INPUT MATERIAL:
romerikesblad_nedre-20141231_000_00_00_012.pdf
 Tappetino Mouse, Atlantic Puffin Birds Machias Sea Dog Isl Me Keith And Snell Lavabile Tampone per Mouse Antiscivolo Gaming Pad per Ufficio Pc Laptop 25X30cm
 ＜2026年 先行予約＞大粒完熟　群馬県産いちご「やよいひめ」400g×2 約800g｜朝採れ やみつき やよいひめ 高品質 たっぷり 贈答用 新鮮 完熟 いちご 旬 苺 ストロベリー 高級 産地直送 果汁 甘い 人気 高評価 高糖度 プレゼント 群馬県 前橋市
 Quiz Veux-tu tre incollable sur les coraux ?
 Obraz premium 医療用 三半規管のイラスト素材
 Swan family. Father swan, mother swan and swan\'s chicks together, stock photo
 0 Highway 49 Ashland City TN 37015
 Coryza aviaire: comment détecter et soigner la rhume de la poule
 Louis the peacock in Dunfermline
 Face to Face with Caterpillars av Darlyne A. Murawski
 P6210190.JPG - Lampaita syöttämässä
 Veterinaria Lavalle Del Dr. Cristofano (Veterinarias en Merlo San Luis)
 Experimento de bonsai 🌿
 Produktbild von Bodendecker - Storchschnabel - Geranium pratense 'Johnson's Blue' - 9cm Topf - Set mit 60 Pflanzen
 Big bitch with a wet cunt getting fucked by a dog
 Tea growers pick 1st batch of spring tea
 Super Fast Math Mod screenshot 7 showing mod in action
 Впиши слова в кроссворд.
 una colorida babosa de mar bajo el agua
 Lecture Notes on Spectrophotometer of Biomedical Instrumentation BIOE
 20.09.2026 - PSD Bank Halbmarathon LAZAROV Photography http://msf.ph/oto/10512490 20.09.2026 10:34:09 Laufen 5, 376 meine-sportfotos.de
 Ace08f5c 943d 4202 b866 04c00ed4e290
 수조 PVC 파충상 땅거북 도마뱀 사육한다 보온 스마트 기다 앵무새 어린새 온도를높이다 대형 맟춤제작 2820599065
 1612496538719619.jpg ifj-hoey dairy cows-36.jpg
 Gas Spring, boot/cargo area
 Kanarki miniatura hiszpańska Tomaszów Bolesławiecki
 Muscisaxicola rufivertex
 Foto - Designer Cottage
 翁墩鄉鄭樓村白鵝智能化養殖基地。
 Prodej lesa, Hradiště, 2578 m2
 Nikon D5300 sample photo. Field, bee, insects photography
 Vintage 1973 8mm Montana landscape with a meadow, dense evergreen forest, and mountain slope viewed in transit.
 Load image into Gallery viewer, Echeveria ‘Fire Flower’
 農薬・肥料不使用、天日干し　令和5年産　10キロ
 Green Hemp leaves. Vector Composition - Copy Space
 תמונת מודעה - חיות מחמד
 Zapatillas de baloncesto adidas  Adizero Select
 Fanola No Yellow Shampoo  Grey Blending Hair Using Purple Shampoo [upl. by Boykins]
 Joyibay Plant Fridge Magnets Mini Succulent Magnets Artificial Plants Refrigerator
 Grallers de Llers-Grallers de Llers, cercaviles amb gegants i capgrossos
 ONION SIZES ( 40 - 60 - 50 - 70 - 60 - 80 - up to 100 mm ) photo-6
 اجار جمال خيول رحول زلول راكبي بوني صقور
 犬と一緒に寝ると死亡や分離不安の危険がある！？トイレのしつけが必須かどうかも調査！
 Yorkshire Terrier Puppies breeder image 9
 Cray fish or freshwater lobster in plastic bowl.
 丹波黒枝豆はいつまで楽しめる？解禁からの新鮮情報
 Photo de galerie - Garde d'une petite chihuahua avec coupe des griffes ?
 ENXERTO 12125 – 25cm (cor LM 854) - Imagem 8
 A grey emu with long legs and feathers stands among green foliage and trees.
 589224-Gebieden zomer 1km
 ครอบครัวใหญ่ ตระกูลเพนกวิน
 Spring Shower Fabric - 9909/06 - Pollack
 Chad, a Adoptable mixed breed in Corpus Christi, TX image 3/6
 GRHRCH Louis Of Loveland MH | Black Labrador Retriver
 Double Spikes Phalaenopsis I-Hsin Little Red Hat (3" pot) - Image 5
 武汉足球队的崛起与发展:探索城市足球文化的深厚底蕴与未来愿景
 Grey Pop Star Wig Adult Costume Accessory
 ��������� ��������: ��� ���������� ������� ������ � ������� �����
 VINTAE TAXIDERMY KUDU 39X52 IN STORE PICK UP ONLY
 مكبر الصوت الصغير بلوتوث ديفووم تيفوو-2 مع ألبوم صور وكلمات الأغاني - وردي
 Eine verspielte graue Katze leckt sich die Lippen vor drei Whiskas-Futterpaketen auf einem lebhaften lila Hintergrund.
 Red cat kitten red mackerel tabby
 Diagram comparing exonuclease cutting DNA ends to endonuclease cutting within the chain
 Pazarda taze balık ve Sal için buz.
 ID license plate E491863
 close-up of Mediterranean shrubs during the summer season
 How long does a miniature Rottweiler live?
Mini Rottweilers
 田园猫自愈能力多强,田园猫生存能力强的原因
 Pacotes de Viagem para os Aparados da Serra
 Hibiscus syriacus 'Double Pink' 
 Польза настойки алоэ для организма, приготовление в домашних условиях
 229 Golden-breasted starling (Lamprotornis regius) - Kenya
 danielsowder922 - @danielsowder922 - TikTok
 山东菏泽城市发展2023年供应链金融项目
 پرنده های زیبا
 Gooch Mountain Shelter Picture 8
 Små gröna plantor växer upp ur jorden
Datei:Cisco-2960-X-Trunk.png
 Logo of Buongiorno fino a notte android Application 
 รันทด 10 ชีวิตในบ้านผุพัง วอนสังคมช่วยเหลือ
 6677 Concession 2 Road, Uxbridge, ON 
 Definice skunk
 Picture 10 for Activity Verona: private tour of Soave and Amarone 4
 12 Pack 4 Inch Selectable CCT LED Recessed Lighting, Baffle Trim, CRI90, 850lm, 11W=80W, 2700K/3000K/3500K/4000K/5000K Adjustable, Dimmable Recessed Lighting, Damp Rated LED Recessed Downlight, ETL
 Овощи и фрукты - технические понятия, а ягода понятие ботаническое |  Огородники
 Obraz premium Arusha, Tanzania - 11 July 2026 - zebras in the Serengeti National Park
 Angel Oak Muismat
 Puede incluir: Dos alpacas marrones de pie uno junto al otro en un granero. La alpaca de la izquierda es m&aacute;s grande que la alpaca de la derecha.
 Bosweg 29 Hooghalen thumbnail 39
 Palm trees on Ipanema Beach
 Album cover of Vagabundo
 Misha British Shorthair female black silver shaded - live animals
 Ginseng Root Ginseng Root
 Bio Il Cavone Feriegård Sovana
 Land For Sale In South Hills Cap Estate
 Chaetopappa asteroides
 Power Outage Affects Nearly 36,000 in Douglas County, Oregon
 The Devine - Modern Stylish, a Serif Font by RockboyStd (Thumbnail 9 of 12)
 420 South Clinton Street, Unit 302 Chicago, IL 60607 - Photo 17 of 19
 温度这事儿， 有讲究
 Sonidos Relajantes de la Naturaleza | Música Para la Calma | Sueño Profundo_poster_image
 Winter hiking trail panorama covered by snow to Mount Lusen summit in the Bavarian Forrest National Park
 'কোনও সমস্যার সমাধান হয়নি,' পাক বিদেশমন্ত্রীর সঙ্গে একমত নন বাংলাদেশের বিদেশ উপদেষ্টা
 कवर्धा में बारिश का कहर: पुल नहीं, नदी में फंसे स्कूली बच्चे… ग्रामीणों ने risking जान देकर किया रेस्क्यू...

HOW TO COMPLETE THIS TASK: Please set down again, word for word, only the lines from the start of the entries through the line with "プレゼント 群馬県 前橋市", both ends included.

EXPECTED ANSWER:
romerikesblad_nedre-20141231_000_00_00_012.pdf
 Tappetino Mouse, Atlantic Puffin Birds Machias Sea Dog Isl Me Keith And Snell Lavabile Tampone per Mouse Antiscivolo Gaming Pad per Ufficio Pc Laptop 25X30cm
 ＜2026年 先行予約＞大粒完熟　群馬県産いちご「やよいひめ」400g×2 約800g｜朝採れ やみつき やよいひめ 高品質 たっぷり 贈答用 新鮮 完熟 いちご 旬 苺 ストロベリー 高級 産地直送 果汁 甘い 人気 高評価 高糖度 プレゼント 群馬県 前橋市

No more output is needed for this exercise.